The code at the end produces an RC4 (or ARCFOUR) compatible cipher stream at 357 MB/sec. This assumes that a 2.5GHz PowerPC produces a stream byte in 7 clocks as my 400 MHz machine does.
This driver file invokes this assembler file which computes the stream and compares the result with this simplest C version which was adapted from Wikipedia whose test vectors may be verified thus:
gcc tvh.c x.c; ./a.out
The following shows the permutation table of the state after 227 steps.
This should reveal any bugs resulting from erroneous hoisting of loads over aliased stores.
gcc -O3 -Wmost tv6.c x.c; ./a.out
The PPC machine code may be invoked and tested thus, even on an Intel Mac:
gcc -fnested-functions -arch ppc -O3 -Wall b.c xx1.s x.c; ./a.out keytext
The main tweakable values in the driver file are:
comp: boolean: whether to do comparison or mere timing test of assembler.

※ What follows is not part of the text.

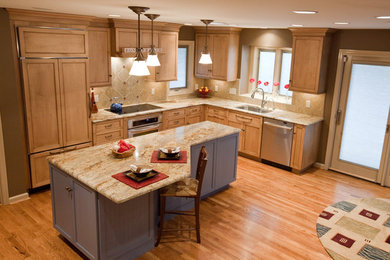 Inspiration for a large transitional u-shaped light wood floor and beige floor eat-in kitchen remodel in Cincinnati with an undermount sink, shaker cabinets, granite countertops, beige backsplash, porcelain backsplash, stainless steel appliances, an island and medium tone wood cabinets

m: the size of the tested key stream.
jx: handicap better to test timing.
x.c produces about 23 MB/sec on a 400 MHz PowerPC compiled by gcc with -O3. If a 2.5 GHz machine scales by clock rate then this C program would produce about 146 MB/sec of keystream.
The next assembler version is less flexible and always produce just 256 bytes of keying stream. This removes 2 of 8 inherently sequential dependencies.
gcc b2.c is.c -fnested-functions -arch ppc -O3 -Wall xx2.s; ./a.out keytext
always does just 256 bytes of output thus removing a mask instruction from the inner loop.
gcc b2.c is.c -fnested-functions -arch ppc -O3 -Wall xx3.s; ./a.out keytext
does progressive indexing to eliminate another dependency.
gcc b3.c is.c -fnested-functions -arch ppc -O3 -Wall xx3.s tb.s; ./a.out keytext
includes high resolution timing.
Time units are 16 clocks.
A 400 MHz machine does 400 clks/μs.
This version takes 10 clks per byte of keystream.
gcc b3.c is.c -fnested-functions -arch ppc -O3 -Wall xx4.s tb.s; ./a.out keytext
permutes instructions for better scheduling and thus produces a new byte every 7 clks.
typedef unsigned char ch; typedef struct {ch s[257]; ch j;} state;An instance of state provides an opaque state memory for the cipher stream generator.